ESPOSIZIONE DEI FATTI

La vicenda trae origine da una denuncia per stalking presentata da una donna nei confronti di un uomo con cui aveva avuto in precedenza un legame affettivo. Secondo la ricostruzione dell’attore, i due avevano instaurato un rapporto di amicizia che si era poi evoluto in una relazione sentimentale, degenerata nell’ottobre 2017 in reciproche incomprensioni e contrasti. La donna aveva quindi sporto denuncia nei suoi confronti per il reato di atti persecutori (art. 612 bis c.p.), sostenendo di essere stata molestata e minacciata al punto da dover modificare le proprie abitudini di vita.

A seguito della denuncia, il Tribunale di Civitavecchia aveva emesso nel luglio 2018 un’ordinanza cautelare di divieto di avvicinamento nei confronti dell’uomo, impedendogli di avvicinarsi alla donna nel raggio di 200 metri. Tale misura era rimasta in vigore per circa un anno, fino al luglio 2019.

Il procedimento penale si era poi concluso con una sentenza di assoluzione dell’imputato perché il fatto non sussiste.

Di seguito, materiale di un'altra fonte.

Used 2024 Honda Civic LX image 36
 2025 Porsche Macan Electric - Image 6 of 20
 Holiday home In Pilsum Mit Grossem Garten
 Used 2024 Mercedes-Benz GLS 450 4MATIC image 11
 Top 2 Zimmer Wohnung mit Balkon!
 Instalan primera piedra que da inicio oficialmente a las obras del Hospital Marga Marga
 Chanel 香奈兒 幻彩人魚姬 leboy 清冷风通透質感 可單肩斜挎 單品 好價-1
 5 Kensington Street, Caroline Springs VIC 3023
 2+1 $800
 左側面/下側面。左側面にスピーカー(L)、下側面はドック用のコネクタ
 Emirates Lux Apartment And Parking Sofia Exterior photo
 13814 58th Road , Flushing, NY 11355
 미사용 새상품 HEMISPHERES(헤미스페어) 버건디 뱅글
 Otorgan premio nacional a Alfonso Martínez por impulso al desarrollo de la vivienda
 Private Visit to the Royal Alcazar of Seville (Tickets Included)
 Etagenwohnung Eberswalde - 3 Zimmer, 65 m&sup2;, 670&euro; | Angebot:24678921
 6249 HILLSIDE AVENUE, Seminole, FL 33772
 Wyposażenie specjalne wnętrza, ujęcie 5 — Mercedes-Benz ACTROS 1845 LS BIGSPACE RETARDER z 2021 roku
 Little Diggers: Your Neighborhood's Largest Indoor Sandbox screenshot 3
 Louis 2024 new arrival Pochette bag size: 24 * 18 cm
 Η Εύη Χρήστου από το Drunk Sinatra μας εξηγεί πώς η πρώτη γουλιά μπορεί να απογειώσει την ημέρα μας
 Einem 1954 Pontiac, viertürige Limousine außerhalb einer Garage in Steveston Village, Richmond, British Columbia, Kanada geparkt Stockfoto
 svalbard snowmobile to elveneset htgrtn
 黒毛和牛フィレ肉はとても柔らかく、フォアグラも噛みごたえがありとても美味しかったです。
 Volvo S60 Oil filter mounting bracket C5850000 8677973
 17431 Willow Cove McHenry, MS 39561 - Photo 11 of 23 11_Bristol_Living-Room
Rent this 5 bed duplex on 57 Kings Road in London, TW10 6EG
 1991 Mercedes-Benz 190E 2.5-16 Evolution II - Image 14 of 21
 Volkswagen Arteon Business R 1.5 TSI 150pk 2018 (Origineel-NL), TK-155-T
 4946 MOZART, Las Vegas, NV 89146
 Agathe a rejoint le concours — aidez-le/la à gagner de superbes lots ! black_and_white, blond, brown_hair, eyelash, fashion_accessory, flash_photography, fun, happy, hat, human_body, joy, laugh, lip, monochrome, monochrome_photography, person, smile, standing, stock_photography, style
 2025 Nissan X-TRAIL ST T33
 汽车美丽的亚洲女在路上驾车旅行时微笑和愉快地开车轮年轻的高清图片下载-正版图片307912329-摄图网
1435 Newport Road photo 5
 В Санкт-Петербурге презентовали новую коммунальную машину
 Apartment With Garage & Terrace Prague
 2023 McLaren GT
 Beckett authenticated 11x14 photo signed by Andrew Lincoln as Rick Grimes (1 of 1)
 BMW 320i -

Nonostante l’esito favorevole, l’uomo lamentava di aver subito gravi conseguenze negative a causa della denuncia e del procedimento penale: un danno alla reputazione e un danno da perdita di chance, per non aver potuto partecipare ad un concorso pubblico a causa dei carichi pendenti.

Sulla base di tali presupposti, l’uomo aveva quindi citato in giudizio la donna chiedendo il risarcimento dei danni subiti, quantificati in 70.000 euro. A fondamento della domanda, sosteneva che la denuncia fosse stata presentata dalla convenuta non per difendere il proprio status, ma con il dolo specifico di danneggiarlo, integrando gli estremi della calunnia.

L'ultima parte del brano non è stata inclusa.